Offline programming with the aid of a simulation tool

Can OLP make your robot manufacturing more cost-effective? Learn how to correctly gauge costs and benefits.

Published 11/04/2024

In production, automation is growing by leaps and bounds. Modern technologies are making the use of robots economically viable even for small manufacturing segments and complex processes. In this context, one option is to replace manual robot programming with offline programming (OLP). But when does this investment actually pay off? How do you calculate costs and benefits? For an answer to these questions, read on!

Offline programming with the aid of a simulation tool

Robot-aided production in SMEs

Automation is a term that brings large-scale manufacturing and giant machinery pools to mind. But automated processes aren’t just for major production plants: Increasingly, small, specialized companies are relying on robots as well. But first, they have to ask themselves whether robot deployment is in fact economical in their specific environment. The answer depends on overall equipment effectiveness (OEE). Moving to software-based offline programming (OLP) can play a key role in improving it.

Robot programming – manual vs. offline

In manual programming, a programmer “feeds” the robot the necessary movements, one by one. This so-called teach-in method thus requires close interaction with the machine and is often time-intensive, especially when it comes to making changes.

In contrast, OLP permits computer-based program generation and optimization without interrupting ongoing production. Programs are created, validated and adapted in a virtual 3D simulation environment, so that any errors can be revealed and corrected before the program goes live. This significantly boosts the quality of the completed program.

When does the switch to OLP pay off?

A simulation tool is not a must-have for any and all manufacturing contexts. In traditional large-volume production, where production lines are installed once and then make the same components for lengthy time periods, manual programming is often the right choice. But in the following scenarios, a changeover to offline programming can often be a meaningful solution:

  • Small lot sizes and high product variance: If a company produces many different components in small lots, it often needs to adapt its robot programs. Manual programming means lengthy production line downtimes, and these have an adverse effect on overall equipment effectiveness (OEE). The use of OLP means that production can continue unimpeded.
     
  • Frequent component changes: OLP is particularly beneficial if a business constantly needs to modify its products or components. Changes can easily be made and tested in the simulation environment, again avoiding costly production downtimes.
     
  • Complex parts geometries and sophisticated processes: In cases where production involves complex components or procedures, OLP enables simulation and optimization of advanced robot programs before they are handed over to production. This prevents costly mistakes.
     
  • Multiple robot brands: Machine pools often include various brands of robots, each of which requires its own software. In such situations, OLP offers a standardized platform for all robot programming and management.
     
  • Collision prevention and added security: Complex processes may pose the risk of collisions between the robot arm and the component. OLP provides a secure environment for early-stage simulation and thus prevents costly damage to machinery and products.
     
  • Solving labor shortages and protecting knowhow: OLP helps create automated processes and user-friendly software that open up new task fields to less experienced labor. It also conserves valuable knowledge that could be lost when highly trained staff leave the company.

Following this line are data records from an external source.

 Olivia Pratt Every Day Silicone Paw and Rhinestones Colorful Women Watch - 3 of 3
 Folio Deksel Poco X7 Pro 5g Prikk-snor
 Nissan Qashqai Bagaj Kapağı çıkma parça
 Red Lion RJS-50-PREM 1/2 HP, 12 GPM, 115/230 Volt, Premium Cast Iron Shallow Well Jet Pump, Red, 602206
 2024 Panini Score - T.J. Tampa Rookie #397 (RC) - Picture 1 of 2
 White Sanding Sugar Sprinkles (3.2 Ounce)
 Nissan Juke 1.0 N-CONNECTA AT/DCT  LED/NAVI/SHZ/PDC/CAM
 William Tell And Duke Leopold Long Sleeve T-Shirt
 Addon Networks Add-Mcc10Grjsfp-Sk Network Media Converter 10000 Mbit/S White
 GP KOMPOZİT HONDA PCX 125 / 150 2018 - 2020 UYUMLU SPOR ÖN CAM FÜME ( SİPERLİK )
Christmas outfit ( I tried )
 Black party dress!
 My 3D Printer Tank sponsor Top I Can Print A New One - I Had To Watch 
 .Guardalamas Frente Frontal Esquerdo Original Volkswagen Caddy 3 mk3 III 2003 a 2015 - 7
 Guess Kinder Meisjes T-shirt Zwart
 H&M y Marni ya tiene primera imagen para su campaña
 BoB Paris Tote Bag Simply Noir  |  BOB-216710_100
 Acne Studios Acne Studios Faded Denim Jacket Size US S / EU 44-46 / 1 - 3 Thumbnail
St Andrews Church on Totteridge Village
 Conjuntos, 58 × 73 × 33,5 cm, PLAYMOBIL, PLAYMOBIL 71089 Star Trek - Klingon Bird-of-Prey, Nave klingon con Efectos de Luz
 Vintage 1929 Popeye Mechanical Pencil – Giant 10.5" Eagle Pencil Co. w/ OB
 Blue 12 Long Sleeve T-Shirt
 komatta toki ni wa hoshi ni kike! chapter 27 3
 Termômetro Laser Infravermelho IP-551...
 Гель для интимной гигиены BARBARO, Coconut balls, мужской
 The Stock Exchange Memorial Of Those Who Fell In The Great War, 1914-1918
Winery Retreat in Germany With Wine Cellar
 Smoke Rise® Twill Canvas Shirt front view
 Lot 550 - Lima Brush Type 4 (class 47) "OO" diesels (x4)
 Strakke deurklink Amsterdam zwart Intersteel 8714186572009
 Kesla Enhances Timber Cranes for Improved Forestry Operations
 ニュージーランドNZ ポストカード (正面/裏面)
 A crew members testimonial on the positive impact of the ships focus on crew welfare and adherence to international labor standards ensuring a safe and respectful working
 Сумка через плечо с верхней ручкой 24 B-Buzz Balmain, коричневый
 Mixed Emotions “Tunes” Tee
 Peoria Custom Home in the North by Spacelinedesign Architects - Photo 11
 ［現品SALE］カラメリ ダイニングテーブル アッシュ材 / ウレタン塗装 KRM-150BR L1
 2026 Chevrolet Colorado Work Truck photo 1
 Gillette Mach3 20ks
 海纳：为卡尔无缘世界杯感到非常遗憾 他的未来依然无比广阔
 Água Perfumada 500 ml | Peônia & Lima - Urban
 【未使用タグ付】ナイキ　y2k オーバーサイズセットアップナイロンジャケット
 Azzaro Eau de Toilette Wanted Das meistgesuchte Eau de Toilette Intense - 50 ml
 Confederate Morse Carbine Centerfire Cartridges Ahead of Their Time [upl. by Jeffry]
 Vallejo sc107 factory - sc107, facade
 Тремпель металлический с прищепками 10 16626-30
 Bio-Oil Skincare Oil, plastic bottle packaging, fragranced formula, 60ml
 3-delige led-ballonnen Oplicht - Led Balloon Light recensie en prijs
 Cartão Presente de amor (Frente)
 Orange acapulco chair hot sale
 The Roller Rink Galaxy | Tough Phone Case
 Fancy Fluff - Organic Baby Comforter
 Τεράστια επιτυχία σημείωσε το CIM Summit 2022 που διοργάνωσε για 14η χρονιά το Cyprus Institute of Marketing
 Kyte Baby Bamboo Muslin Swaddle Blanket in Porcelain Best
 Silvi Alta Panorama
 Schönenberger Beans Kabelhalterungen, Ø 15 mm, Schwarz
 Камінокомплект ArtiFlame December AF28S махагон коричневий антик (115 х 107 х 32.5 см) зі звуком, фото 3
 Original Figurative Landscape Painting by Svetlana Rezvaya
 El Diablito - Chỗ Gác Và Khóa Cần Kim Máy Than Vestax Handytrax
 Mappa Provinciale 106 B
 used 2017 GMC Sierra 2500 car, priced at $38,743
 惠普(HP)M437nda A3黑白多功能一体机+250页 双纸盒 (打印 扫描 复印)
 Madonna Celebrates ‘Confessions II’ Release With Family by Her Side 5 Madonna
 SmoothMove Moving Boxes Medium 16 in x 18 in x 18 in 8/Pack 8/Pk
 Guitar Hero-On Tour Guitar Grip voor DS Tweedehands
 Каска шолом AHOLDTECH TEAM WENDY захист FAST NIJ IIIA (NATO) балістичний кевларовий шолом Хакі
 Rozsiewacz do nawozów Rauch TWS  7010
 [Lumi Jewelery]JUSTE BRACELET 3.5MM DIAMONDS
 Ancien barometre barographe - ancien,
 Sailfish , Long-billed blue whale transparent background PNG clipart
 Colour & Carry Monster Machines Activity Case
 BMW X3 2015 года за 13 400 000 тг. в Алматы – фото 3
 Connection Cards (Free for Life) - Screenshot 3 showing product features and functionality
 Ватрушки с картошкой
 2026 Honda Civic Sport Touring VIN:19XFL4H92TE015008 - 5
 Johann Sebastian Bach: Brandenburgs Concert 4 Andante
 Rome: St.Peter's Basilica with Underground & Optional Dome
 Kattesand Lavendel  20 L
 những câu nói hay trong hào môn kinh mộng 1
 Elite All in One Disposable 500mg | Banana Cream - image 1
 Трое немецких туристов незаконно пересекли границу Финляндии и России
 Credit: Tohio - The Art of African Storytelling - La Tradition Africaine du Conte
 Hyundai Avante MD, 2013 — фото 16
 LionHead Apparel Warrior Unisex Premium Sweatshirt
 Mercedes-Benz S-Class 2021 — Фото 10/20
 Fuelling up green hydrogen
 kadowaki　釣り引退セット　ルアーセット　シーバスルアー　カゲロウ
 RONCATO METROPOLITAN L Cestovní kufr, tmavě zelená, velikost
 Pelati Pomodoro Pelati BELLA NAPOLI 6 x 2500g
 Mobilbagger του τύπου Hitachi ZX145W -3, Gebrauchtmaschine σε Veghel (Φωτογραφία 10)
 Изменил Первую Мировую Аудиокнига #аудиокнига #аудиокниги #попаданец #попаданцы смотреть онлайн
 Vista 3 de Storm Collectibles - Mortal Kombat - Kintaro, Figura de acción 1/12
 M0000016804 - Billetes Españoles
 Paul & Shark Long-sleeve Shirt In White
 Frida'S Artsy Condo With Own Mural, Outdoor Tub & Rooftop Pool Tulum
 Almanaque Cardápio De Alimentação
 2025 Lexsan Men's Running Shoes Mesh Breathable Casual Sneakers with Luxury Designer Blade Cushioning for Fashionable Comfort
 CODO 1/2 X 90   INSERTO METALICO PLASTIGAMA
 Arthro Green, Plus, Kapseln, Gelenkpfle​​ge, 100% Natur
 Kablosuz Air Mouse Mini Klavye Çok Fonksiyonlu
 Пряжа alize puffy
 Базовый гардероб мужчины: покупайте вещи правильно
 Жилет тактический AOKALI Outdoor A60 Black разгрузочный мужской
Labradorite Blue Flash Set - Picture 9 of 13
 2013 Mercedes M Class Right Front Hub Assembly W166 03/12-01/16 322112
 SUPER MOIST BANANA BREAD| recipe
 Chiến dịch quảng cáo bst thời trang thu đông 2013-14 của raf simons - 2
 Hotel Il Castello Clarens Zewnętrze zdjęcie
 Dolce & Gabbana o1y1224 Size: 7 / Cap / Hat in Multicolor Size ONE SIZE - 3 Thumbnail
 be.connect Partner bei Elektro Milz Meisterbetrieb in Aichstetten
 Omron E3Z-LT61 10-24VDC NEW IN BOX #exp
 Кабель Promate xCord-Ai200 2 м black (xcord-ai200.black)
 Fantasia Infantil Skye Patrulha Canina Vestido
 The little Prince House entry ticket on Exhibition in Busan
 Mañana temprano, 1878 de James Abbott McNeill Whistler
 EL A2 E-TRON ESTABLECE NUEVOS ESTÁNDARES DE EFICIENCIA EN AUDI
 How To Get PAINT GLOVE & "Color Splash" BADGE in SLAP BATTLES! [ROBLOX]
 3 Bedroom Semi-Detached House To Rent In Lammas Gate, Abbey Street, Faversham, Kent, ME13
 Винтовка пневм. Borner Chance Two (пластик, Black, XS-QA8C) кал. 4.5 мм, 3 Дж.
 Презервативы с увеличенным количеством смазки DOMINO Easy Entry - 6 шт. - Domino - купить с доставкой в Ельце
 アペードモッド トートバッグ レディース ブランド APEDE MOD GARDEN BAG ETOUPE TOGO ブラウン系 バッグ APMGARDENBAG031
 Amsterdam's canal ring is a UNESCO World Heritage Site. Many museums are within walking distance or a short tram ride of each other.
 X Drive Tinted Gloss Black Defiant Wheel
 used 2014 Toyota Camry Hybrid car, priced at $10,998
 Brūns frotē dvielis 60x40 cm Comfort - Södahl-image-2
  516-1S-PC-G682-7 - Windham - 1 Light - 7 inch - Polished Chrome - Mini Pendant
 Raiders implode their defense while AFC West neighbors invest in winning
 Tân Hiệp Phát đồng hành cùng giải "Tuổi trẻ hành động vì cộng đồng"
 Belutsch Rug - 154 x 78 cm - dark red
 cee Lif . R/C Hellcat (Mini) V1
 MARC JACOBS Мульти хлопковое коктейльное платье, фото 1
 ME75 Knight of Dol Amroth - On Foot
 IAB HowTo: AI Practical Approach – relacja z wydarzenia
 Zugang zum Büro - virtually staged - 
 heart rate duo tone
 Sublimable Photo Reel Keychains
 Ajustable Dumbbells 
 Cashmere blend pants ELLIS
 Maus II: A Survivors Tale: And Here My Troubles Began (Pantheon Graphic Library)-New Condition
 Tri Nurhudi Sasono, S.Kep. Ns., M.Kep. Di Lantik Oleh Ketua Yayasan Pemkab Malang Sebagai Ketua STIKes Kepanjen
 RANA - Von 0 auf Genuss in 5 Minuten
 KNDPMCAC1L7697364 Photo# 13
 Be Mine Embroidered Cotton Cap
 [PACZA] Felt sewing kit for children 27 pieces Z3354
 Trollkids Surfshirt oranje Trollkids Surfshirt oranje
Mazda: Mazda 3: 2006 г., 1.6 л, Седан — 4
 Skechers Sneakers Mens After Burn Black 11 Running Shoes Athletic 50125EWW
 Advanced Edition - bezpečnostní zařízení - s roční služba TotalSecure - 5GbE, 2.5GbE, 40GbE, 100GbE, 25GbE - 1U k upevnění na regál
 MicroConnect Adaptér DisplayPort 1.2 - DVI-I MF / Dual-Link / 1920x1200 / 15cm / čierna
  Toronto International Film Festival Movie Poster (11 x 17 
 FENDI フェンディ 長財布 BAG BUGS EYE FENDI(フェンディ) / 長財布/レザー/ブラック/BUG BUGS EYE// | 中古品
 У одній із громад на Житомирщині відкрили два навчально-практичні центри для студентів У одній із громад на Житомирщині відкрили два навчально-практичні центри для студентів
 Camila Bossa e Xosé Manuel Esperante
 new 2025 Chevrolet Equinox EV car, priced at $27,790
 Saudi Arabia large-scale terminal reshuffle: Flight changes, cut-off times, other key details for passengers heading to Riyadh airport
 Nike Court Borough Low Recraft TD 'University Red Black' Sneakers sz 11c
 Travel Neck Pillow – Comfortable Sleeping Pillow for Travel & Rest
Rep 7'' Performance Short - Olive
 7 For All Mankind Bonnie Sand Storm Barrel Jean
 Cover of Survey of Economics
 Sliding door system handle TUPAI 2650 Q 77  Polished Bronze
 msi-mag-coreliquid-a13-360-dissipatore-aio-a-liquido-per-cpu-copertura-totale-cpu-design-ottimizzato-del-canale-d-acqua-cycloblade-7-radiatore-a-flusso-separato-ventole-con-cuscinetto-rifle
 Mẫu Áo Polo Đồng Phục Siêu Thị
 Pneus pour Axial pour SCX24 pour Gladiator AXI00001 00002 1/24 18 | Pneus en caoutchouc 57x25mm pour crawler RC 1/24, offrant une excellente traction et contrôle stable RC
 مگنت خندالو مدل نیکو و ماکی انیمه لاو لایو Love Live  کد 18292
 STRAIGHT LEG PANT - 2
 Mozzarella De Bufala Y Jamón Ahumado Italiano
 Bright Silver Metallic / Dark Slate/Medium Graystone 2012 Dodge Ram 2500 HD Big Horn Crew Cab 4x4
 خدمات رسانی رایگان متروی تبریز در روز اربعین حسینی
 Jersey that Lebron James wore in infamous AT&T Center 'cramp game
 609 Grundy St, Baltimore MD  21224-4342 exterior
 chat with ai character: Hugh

Balancing costs and benefits

In many instances, the benefits described above will lead to a reduction in unit costs as well as overall manufacturing costs. Although the change to offline programming requires initial investments, these are offset by cost savings and increased efficiency. Conducting a thorough cost-benefit analysis is therefore well worth your while – you may be surprised by the results!

Key figures from successful client projects

 

90 percent

less time spent on robot programming at Johs. Pedersen A/S

40 percent

reduction in cycle times at Diehl Aviation

30 percent

lower quality costs at XCMG

What costs do you have to expect?

On the cost side, OLP programs generally require a software license, with costs varying by provider and functional scope. Add to that the operating costs: To maintain its efficiency, the software solution needs to be serviced and updated regularly. In all cases where this has not already been done, we recommend calibrating the production facility prior to the installation of the simulation tools. Training workshops are needed to ensure that staff have the skills they need to operate the new software. Additionally, the new level of automation may require process modifications and, in some instances, adaptation of upstream or downstream processes as well.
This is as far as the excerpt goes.